For every line below, output the text exactly and leave out images.
(Records provided Opens)
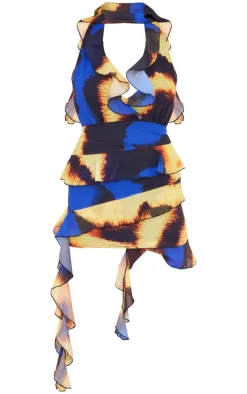 Multi Chiffon Frill Detail Drape Halter Neck Mini Dress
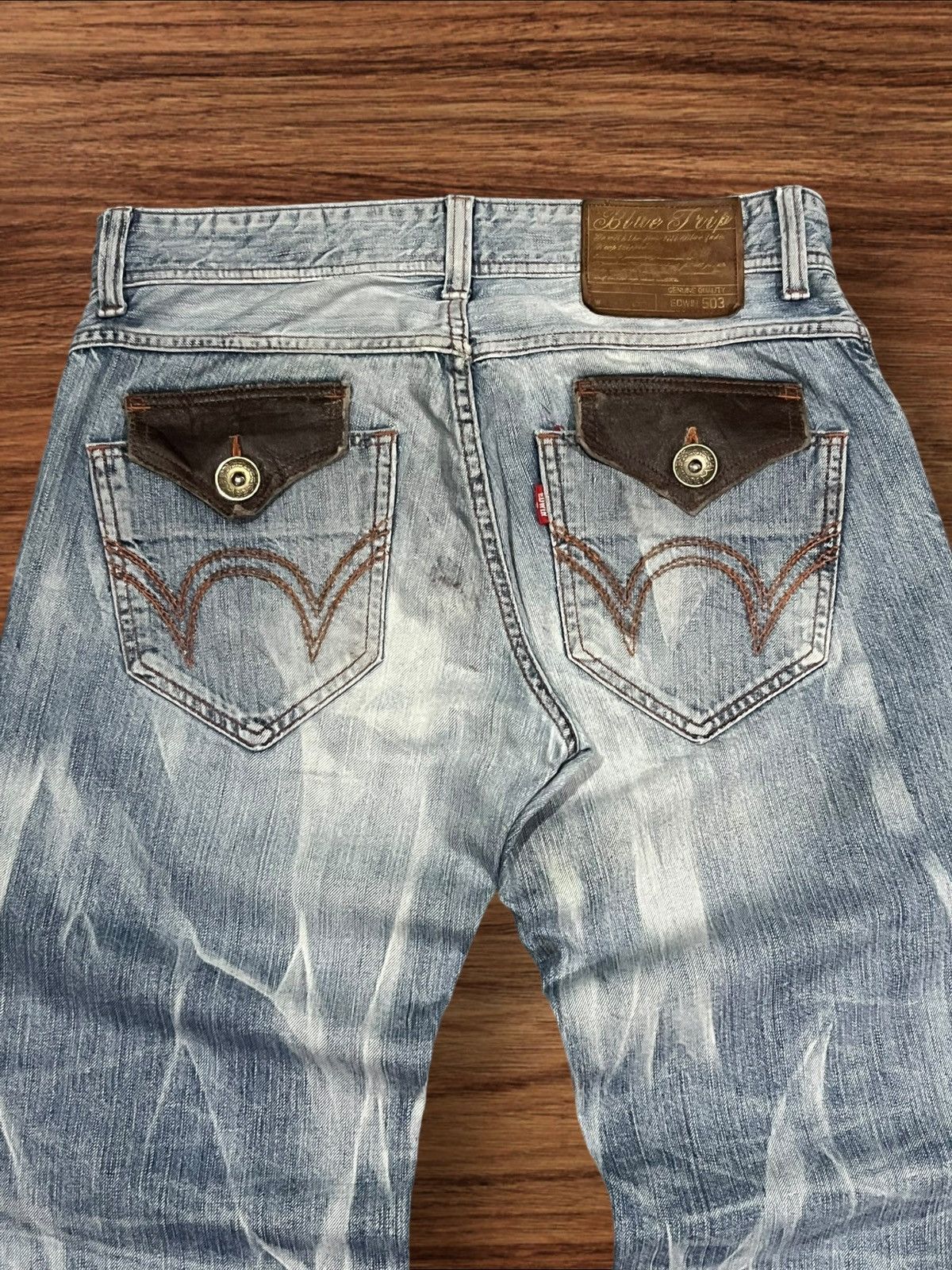 Edwin Vintage Japanese Brand Edwin Blue Way Distressed Loose Jeans Size US 32 / EU 48 - 6 Thumbnail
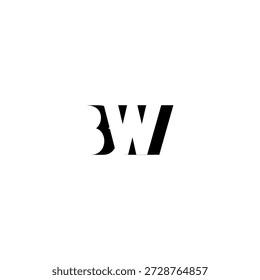 Logotipo del monograma del espacio negativo de BW – diseño minimalista moderno de la marca de letras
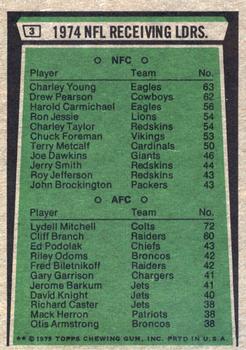 1975 Topps #3 1974 NFL Receiving Leaders (Charle Young / Lydell Mitchell) Back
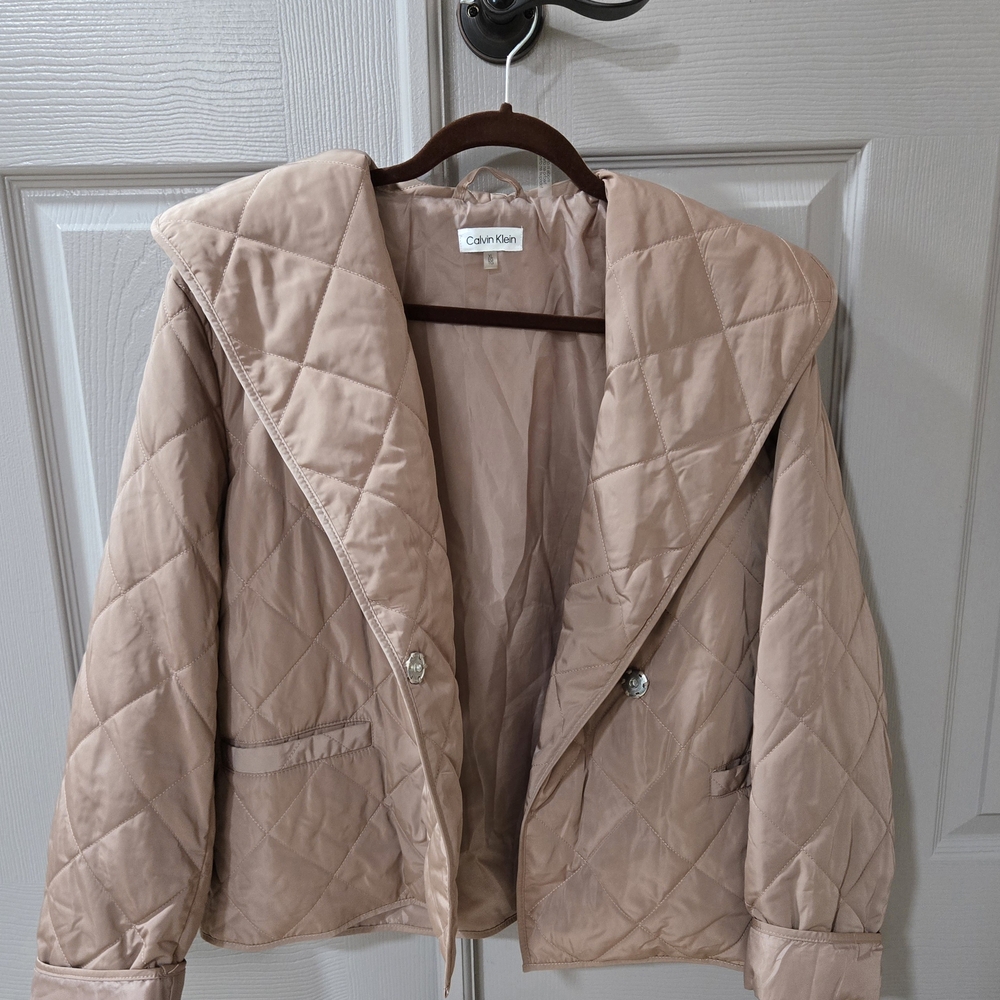 Calvin Klein Women's Quilted Beige Puffer Jacket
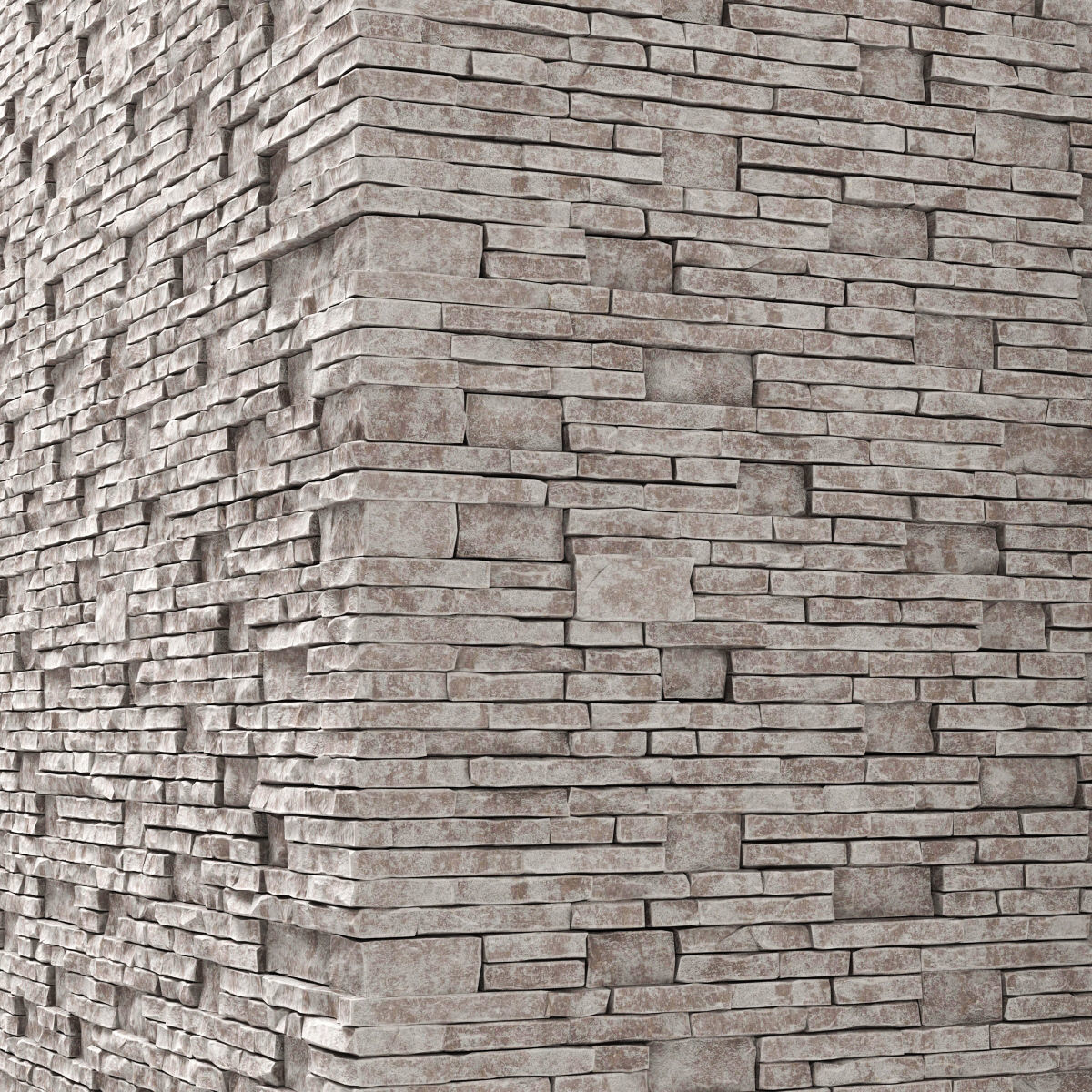 Brick stone wall granite many n3 3D model_11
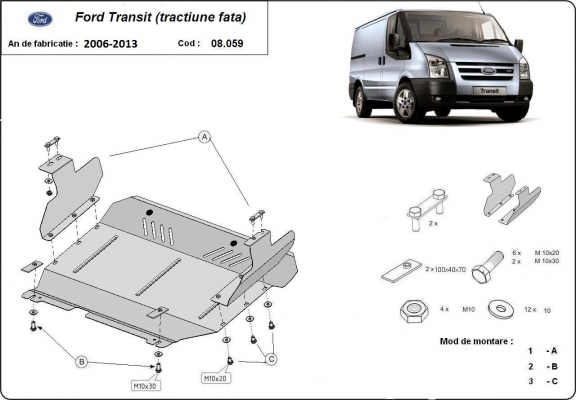 Piastra paramotore di acciaio Ford Transit - FWD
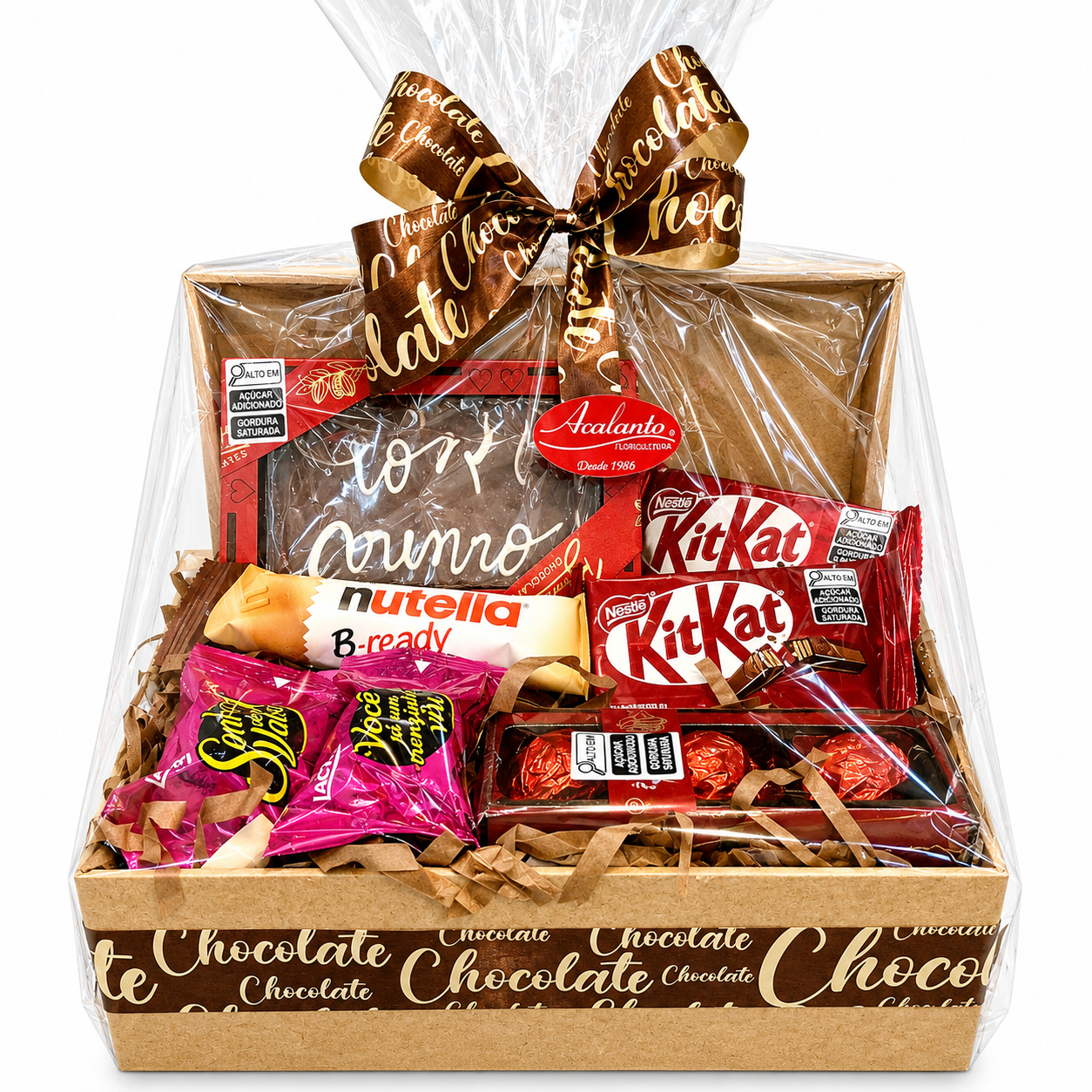 Cesta com Chocolates Mini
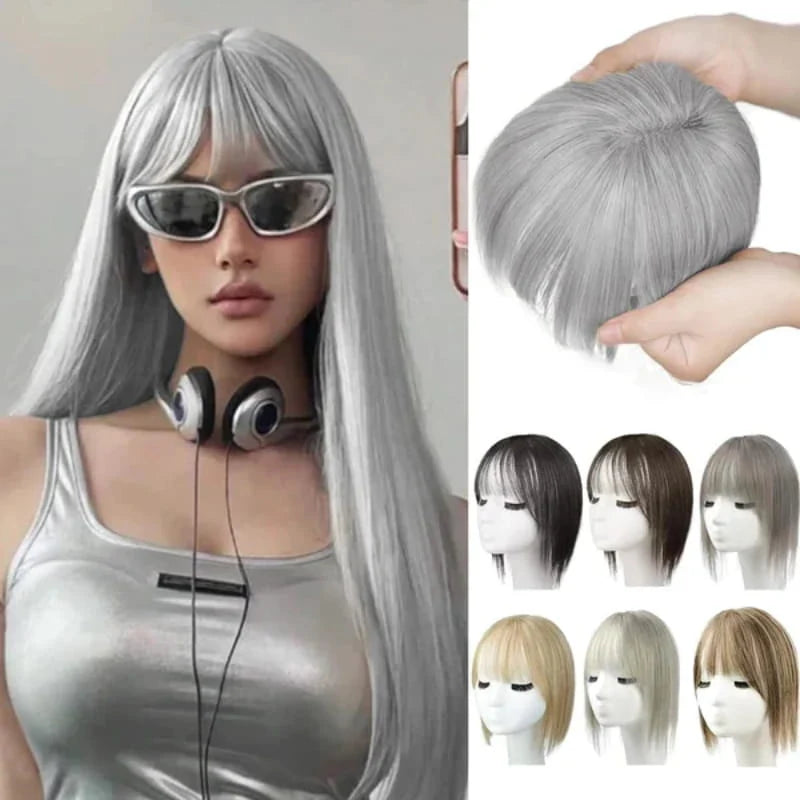 Bangs Hairpiece Synthetic Adjustable Natural-Looking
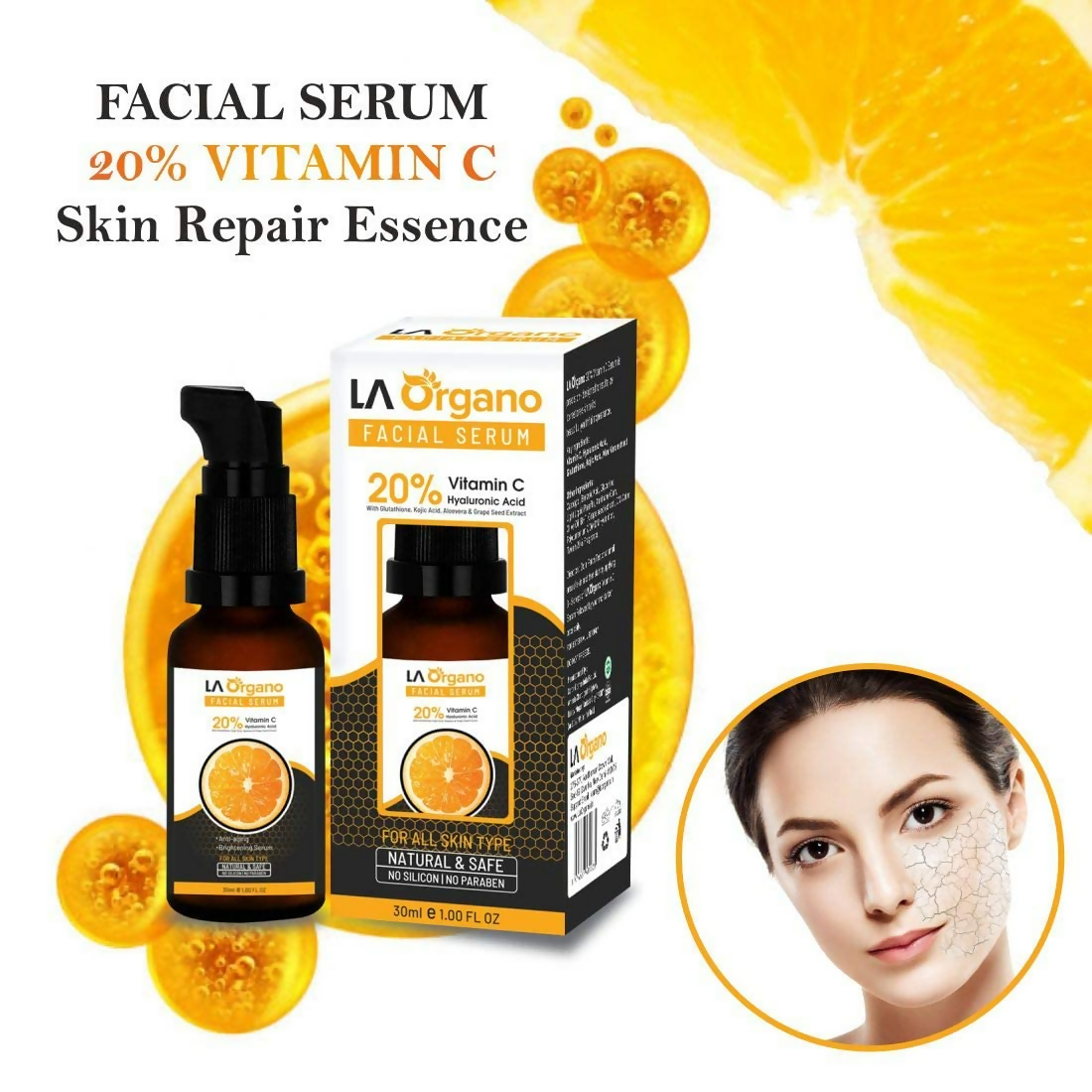 LA Organo Papaya Hydrating Face Gel with Alovera,Vit-E & Vitamin C Serum Combo - Grab2buy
(Records provided Closes)
Solution —
 Multi Chiffon Frill Detail Drape Halter Neck Mini Dress
 Edwin Vintage Japanese Brand Edwin Blue Way Distressed Loose Jeans Size US 32 / EU 48 - 6 Thumbnail
 Logotipo del monograma del espacio negativo de BW – diseño minimalista moderno de la marca de letras
 1975 Topps #3 1974 NFL Receiving Leaders (Charle Young / Lydell Mitchell) Back
 Calvin Klein Women's Quilted Beige Puffer Jacket
 Brick stone wall granite many n3 3D model_11
 Piastra paramotore di acciaio Ford Transit - FWD
 Cesta com Chocolates Mini
 Bangs Hairpiece Synthetic Adjustable Natural-Looking
 LA Organo Papaya Hydrating Face Gel with Alovera,Vit-E & Vitamin C Serum Combo - Grab2buy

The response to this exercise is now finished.